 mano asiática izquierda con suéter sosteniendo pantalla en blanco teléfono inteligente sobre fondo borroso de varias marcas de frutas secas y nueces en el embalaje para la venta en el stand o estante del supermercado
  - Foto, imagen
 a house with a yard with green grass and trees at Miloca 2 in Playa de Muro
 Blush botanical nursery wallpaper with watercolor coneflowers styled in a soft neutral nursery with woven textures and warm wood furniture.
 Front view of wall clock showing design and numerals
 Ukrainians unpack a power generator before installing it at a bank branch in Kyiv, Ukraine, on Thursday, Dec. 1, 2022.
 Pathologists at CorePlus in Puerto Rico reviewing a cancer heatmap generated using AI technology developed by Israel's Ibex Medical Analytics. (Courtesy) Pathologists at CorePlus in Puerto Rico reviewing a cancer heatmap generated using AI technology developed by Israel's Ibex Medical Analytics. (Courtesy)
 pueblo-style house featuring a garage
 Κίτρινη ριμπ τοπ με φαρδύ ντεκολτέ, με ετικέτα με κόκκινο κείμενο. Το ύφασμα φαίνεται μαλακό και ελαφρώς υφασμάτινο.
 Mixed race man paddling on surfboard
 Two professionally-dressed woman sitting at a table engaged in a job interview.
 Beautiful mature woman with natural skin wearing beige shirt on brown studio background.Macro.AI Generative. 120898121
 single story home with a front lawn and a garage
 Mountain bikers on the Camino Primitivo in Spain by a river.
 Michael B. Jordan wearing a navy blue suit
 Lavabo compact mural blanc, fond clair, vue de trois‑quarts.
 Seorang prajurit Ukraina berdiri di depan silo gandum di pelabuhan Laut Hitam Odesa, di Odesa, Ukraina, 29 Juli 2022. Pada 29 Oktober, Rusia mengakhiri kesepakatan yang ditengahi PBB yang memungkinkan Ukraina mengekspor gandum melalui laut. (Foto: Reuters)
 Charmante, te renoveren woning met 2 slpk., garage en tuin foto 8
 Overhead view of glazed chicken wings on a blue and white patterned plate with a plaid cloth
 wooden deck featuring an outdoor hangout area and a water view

_YOUR INSTRUCTIONS_
Check each line of the records above for "woman", and copy those that have it.

_RESPONSE AREA_
 Two professionally-dressed woman sitting at a table engaged in a job interview.
 Beautiful mature woman with natural skin wearing beige shirt on brown studio background.Macro.AI Generative. 120898121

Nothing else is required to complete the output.